The pact is valued at $85 million with $37.5 million in guarantees, according to the agent, but a source with knowledge of the negotiations noted those figures include both the upcoming season and a voidable year at the end of the deal to spread out the cap hit.
In reality, that makes it a four-year extension, which keeps Decker under contract with Detroit through 2024.
Decker, a first-round draft pick for the Lions in 2016, has appeared in 55 games over four seasons with the Lions. He missed eight games in 2017 after suffering a shoulder injury during an offseason practice.
When asked about his contract throughout the offseason, Decker exhibited a calm patience given the circumstances created by the COVID-19 pandemic, and the potential ramifications that is expected to have on league revenue and future salary caps.
“It’s just kind of uncharted territory for everybody — for the organization, for my agent,” Decker last month. “At this point, every day is new for me right now in the building, so I’m just trying to get that figured out at this point. Just having a level of understanding it’s a complicated situation and it’s not like every other year before where guys would be going into free agency and everything is normal and business as usual. (We’re) just being adaptable with that situation and kind of taking it day by day because you don’t know what the situation is going to be.”
More: Lions will be ‘excited’ when Austin Bryant can finally be injury-free
In recent weeks, Decker has also emerged as one of the team’s leading voices off the field.

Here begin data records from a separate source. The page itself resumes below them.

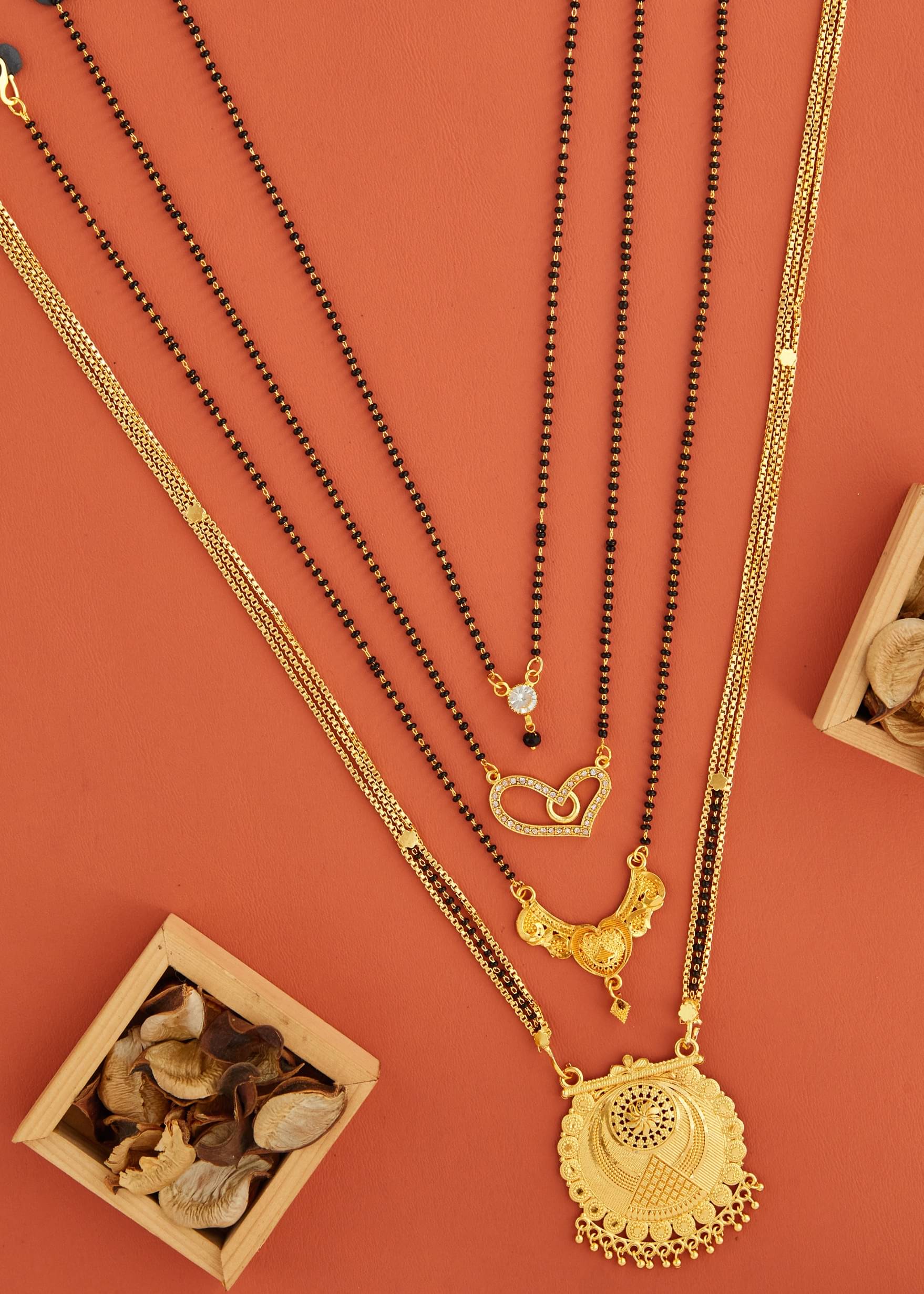 KIEICE Golden Mangalsutra Set ( Pack of 4 ) KIEICE Golden Mangalsutra Set ( Pack of 4 )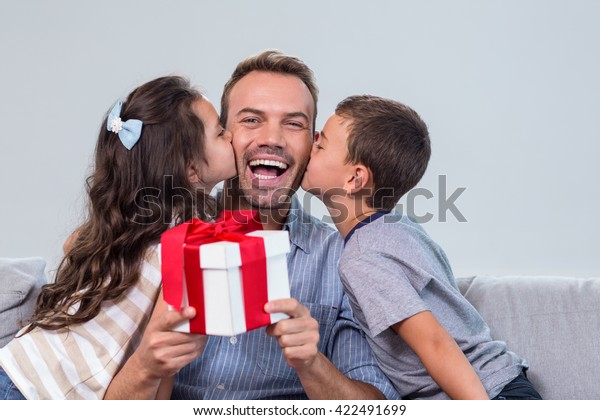 Father holding a gift and receiving kisses from\
son and daughter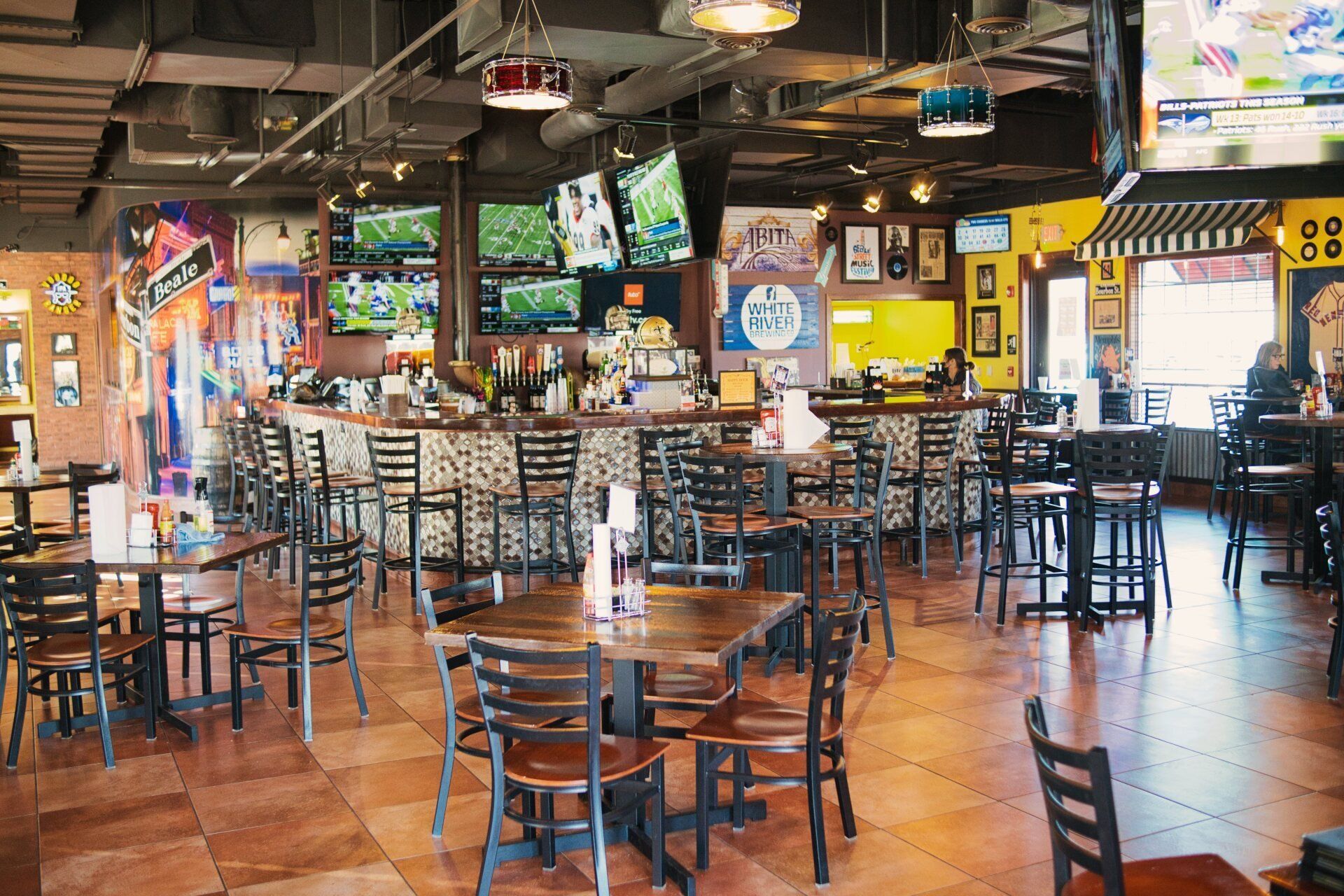 Empty sports bar with tables, chairs, TVs, and a polished wood floor under colorful hanging lights.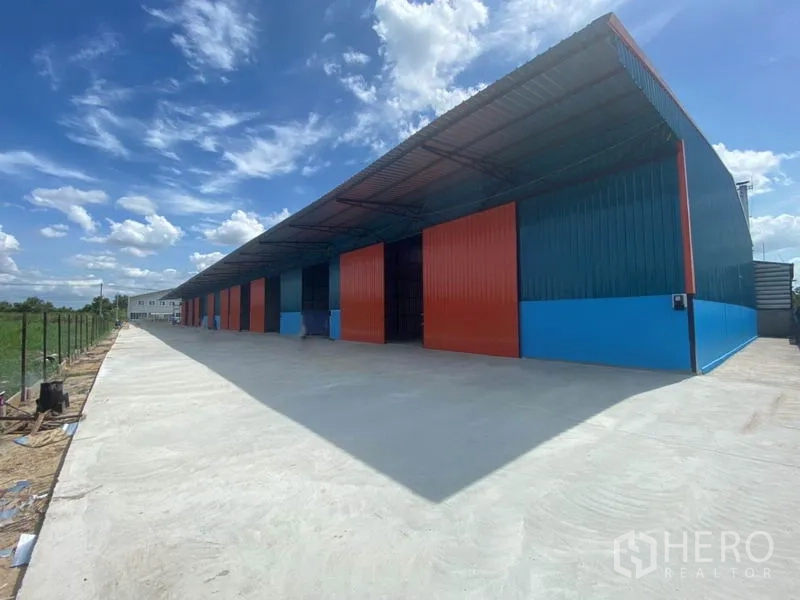 โรงงาน ให้เช่าในKhlong Luang, Pathum Thani - ภาพมุมกว้างด้านนอกโรงงาน ประตูสีแดงหลายช่อง และลานคอนกรีตกว้างท้องฟ้าแจ่มใส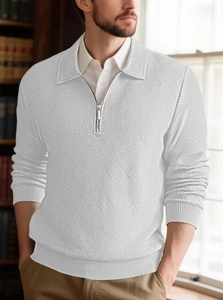 Close-up of white quarter-zip knit sweater showing detailed geometric diamond texture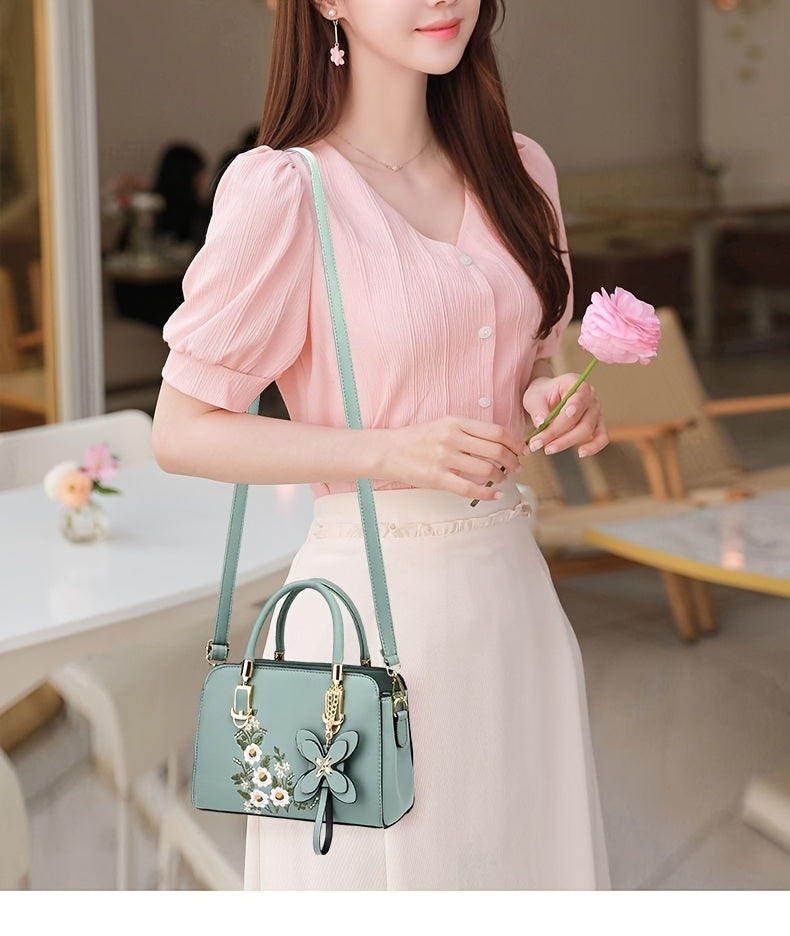 Dam handväska – Blommig broderad svart faux leather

When the team canceled practice last week, in an effort to raise awareness for social justice issues, Decker was one of three players that spoke, along with Trey Flowers and Duron Harmon.
“Hearing the pain in the voices of guys I care about, guys I love, great men, great fathers, great husbands, they shouldn’t have to go through that,” Decker said. “I want them to know that I’m here for them, because we are a brotherhood. At the the end of the day, we’re all humans who want to be loved, safe, secure and happy. And you shouldn’t have to look over your shoulder and worry about your well-being.
“The spring was a big learning experience for me, getting other guys’ perspectives, because those aren’t my perspectives,” Decker said. “But I thought it was important for them to know that I care about them and I love them. And I want that change too. And I want everybody to be loved, safe, secure and happy.”
Factoring in the voidable year, Decker’s deal averages a little more than $14 million per season. That would register as 10th-highest figure among offense tackles. Prior to the extension, he was set to play on the fifth-year option of his rookie deal — a one-year, $10.35 million salary.